--- Available data Enclosed Below ---

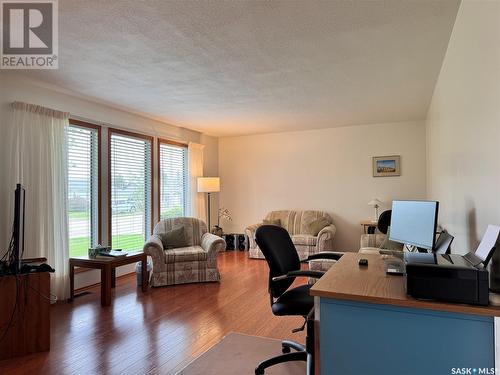 1008 2Nd Avenue, Raymore, SK - Indoor Photo Showing Other Room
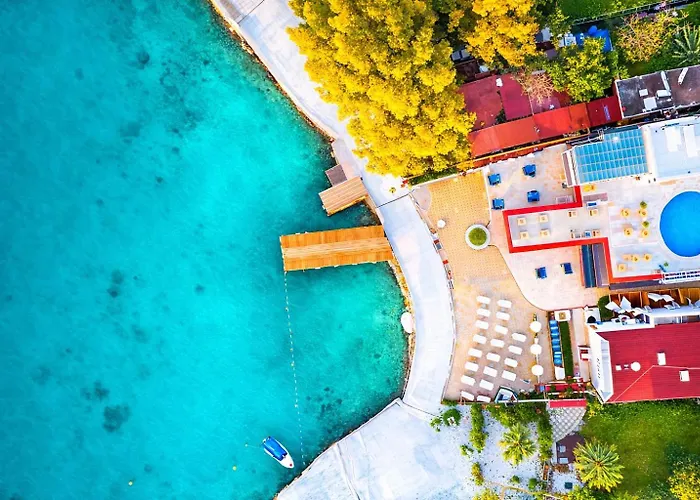 Oscar Seaside & By Club Aquarium Otel Güvercinlik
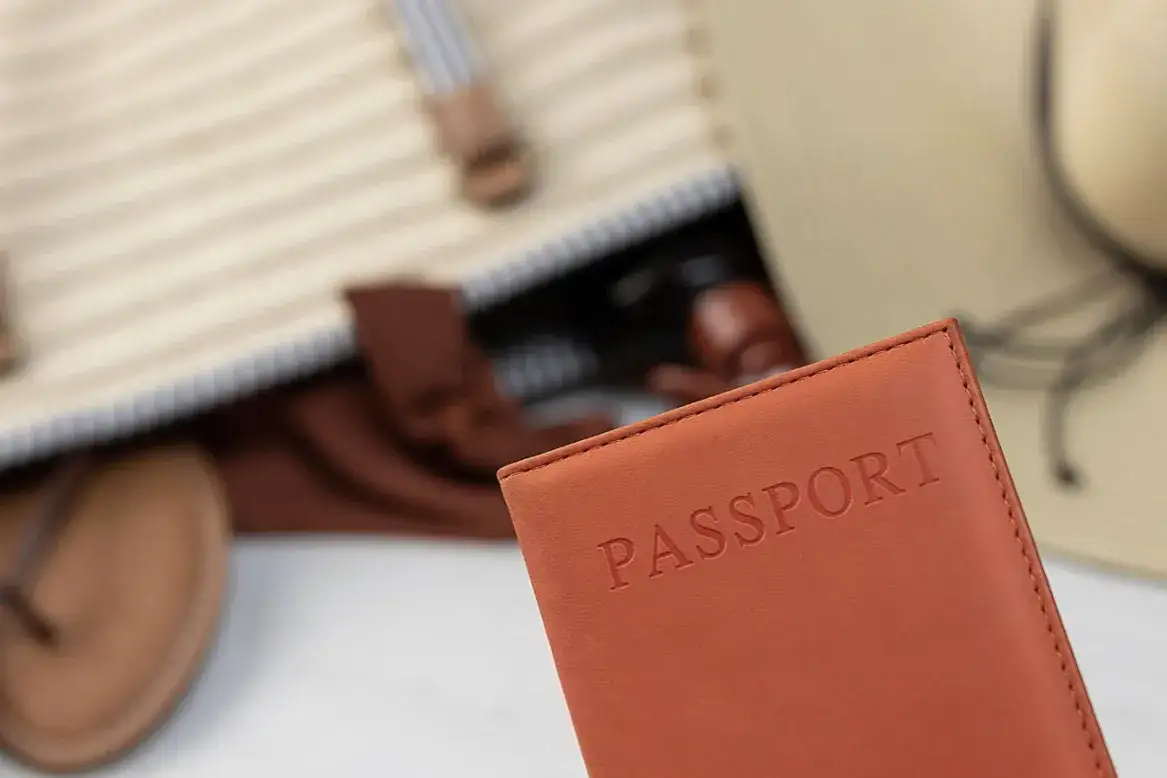 Paszport to nie tylko podróże, co można zweryfikować dokumentem i jak robić to bezpiecznie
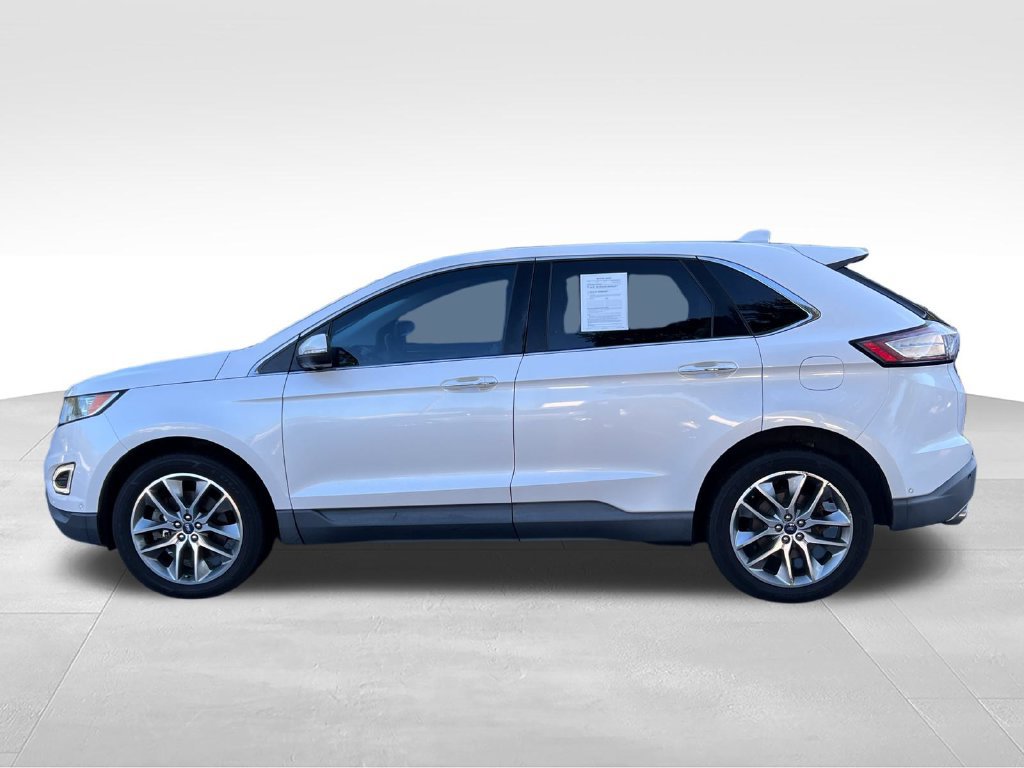 Used 2018 Ford Edge Titanium w/ Equipment Group 302A FWD image 8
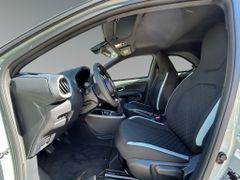 TOYOTA Aygo X Teamplayer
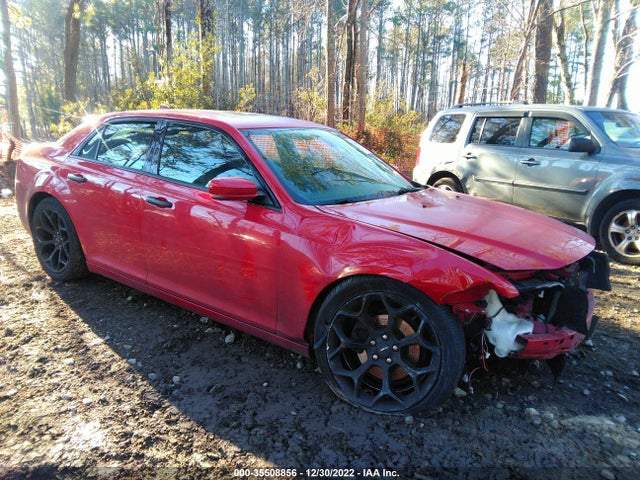 2015 Chrysler 300, VIN: 2C3CCABG7FH921290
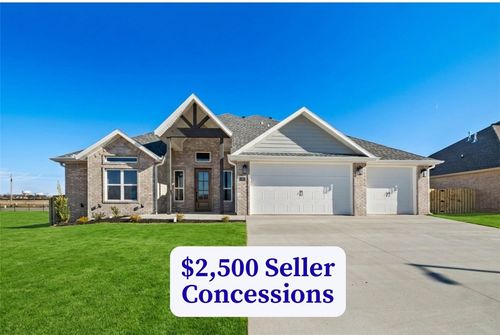 1230 Fierce Ln, Centerton, AR, 72719 | Card Image
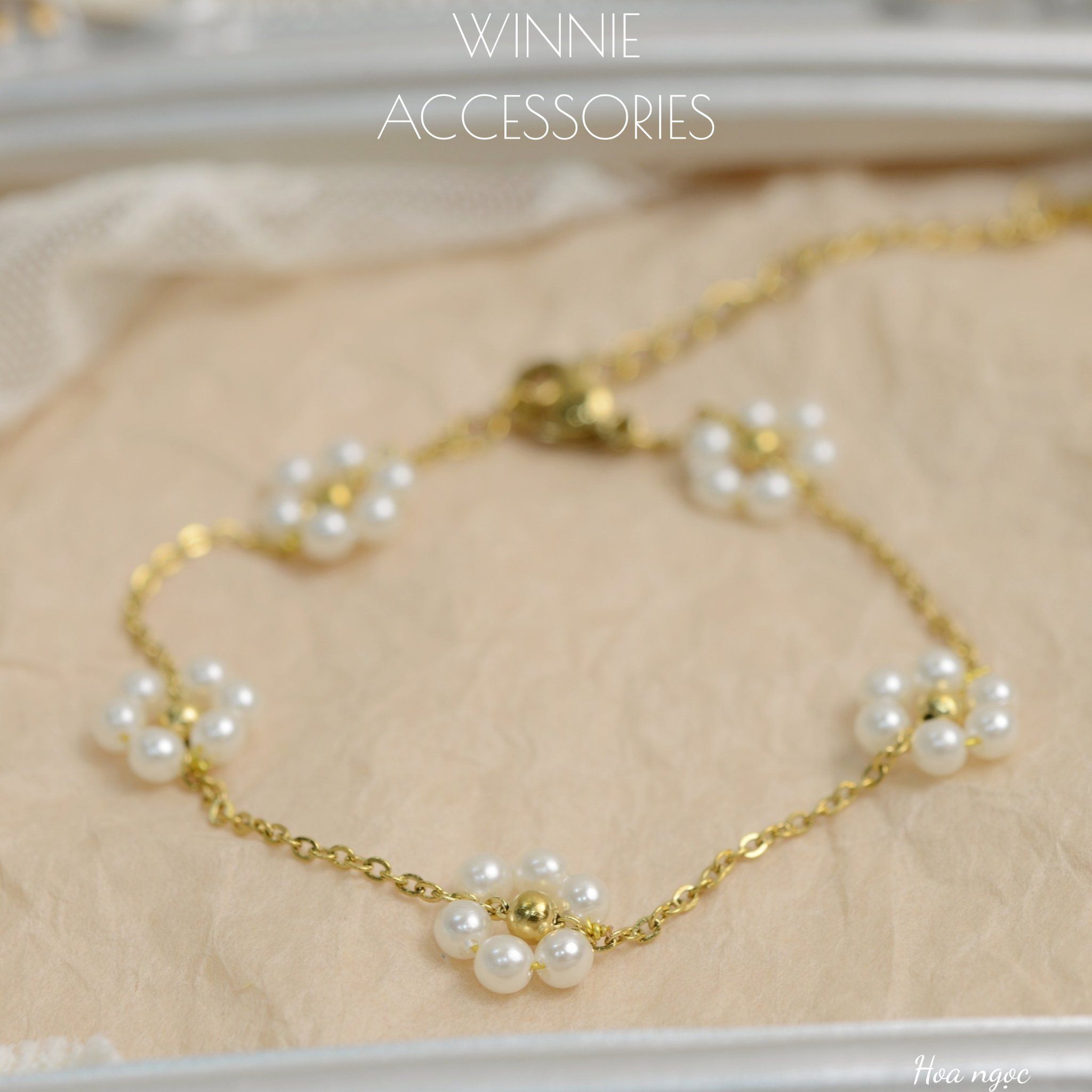  Lắc tay Titan Hoa Ngọc 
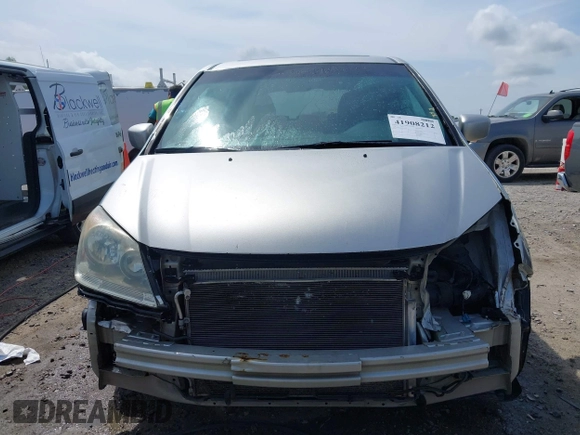 2008 Honda Odyssey EX-L with VIN 5FNRL38668B102716, listed as a IAAI auction lot 41908212 with 221,253 mi miles. Bid and sale history available at carsss.com. Image 13.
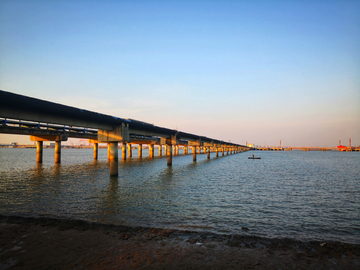 江面上的输油管道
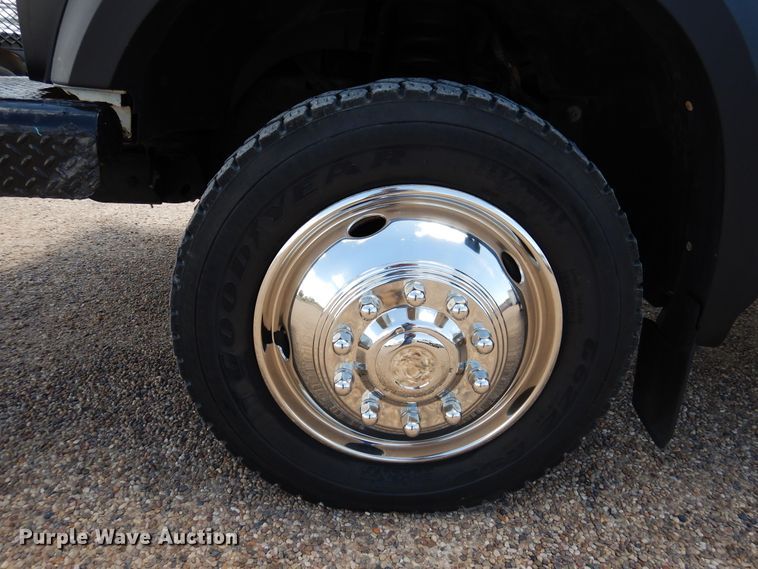 image for item GE9382 2008 Ford F550 Super Duty Crew Cab flatbed truck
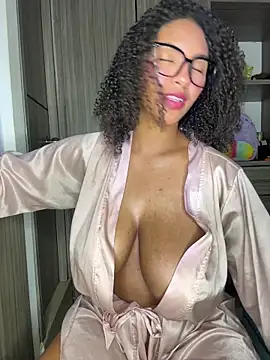Mia_sweet80 nude on webcam for live sex chat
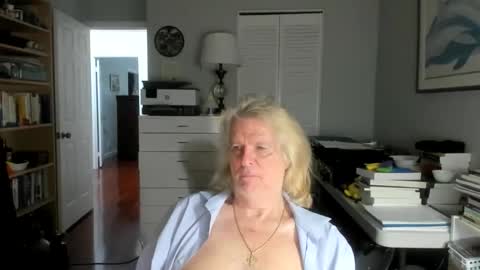 Snapshot of lovestylistwomen chatting on 04/05/26, 01:58 Michael online show from 04/05/26, 01:58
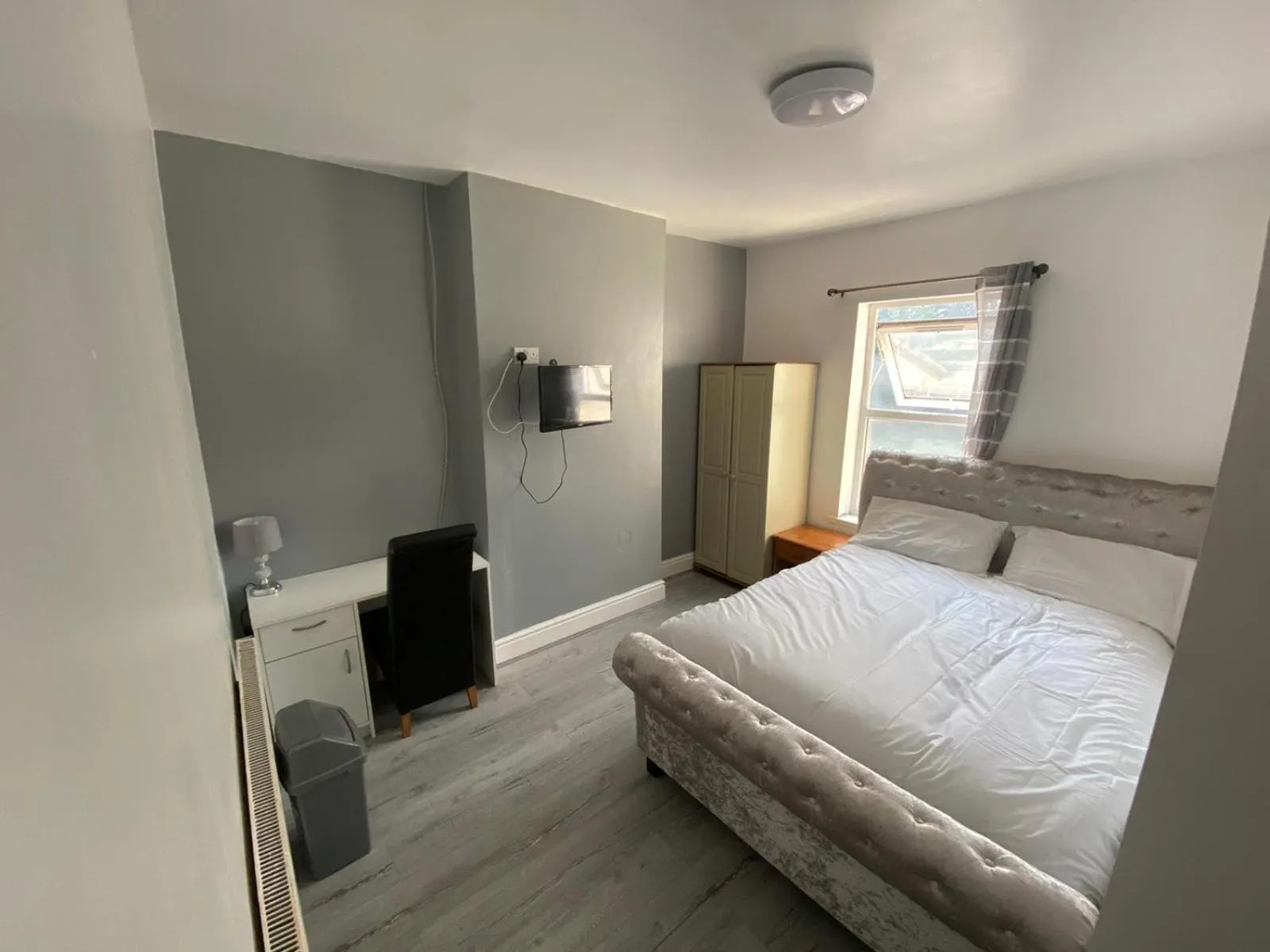 Bed in Glorious catering & Restaurant BnB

--- End of Enclosed Available data ---

What is being asked: Output the complete listing exactly. Pictures stay out.

Result for this exercise:
 1008 2Nd Avenue, Raymore, SK - Indoor Photo Showing Other Room
 Oscar Seaside & By Club Aquarium Otel Güvercinlik
 Paszport to nie tylko podróże, co można zweryfikować dokumentem i jak robić to bezpiecznie
 Used 2018 Ford Edge Titanium w/ Equipment Group 302A FWD image 8
 TOYOTA Aygo X Teamplayer
 2015 Chrysler 300, VIN: 2C3CCABG7FH921290
 1230 Fierce Ln, Centerton, AR, 72719 | Card Image
  Lắc tay Titan Hoa Ngọc 
 2008 Honda Odyssey EX-L with VIN 5FNRL38668B102716, listed as a IAAI auction lot 41908212 with 221,253 mi miles. Bid and sale history available at carsss.com. Image 13.
 江面上的输油管道
 image for item GE9382 2008 Ford F550 Super Duty Crew Cab flatbed truck
Mia_sweet80 nude on webcam for live sex chat
 Snapshot of lovestylistwomen chatting on 04/05/26, 01:58 Michael online show from 04/05/26, 01:58
 Bed in Glorious catering & Restaurant BnB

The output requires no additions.